**ENTRIES SHOWN**
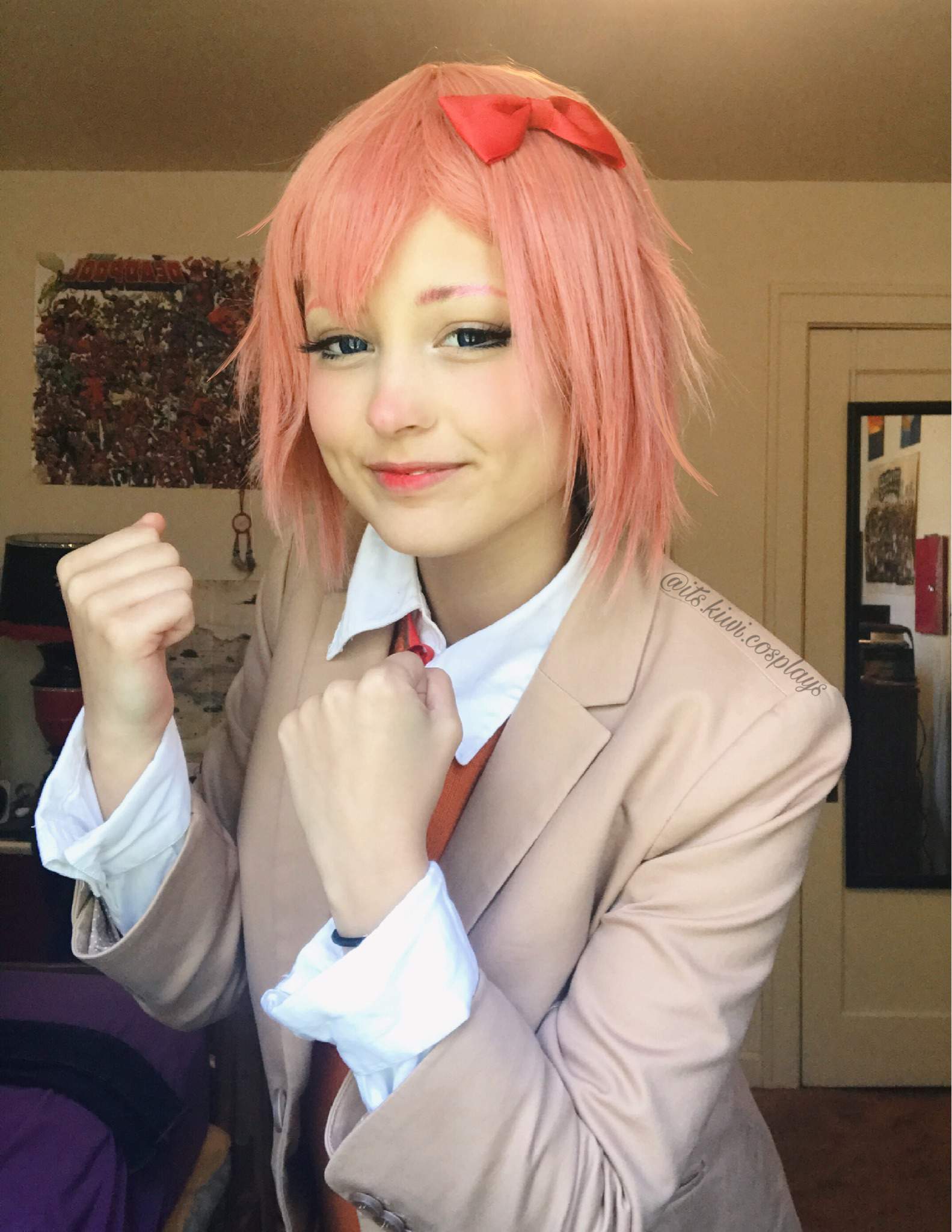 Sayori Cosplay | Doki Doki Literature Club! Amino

--

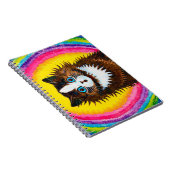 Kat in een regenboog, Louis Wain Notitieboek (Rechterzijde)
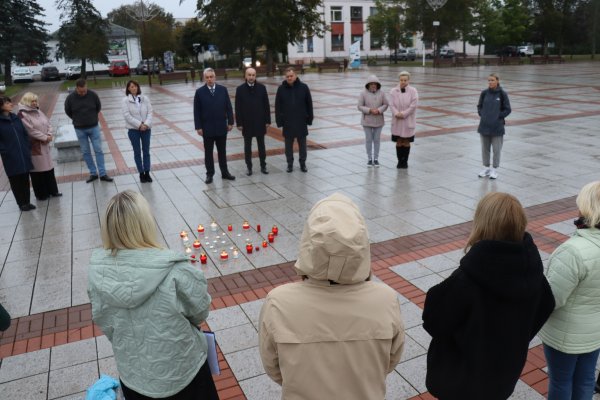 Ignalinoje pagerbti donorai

**YOUR TASK**
Leaving out each picture, repeat exactly the lines above from the one that contains "Kat in een regenboog, Louis" through the one that contains "Ignalinoje pagerbti donorai".

**ANSWER SPACE**
 Kat in een regenboog, Louis Wain Notitieboek (Rechterzijde)
 Ignalinoje pagerbti donorai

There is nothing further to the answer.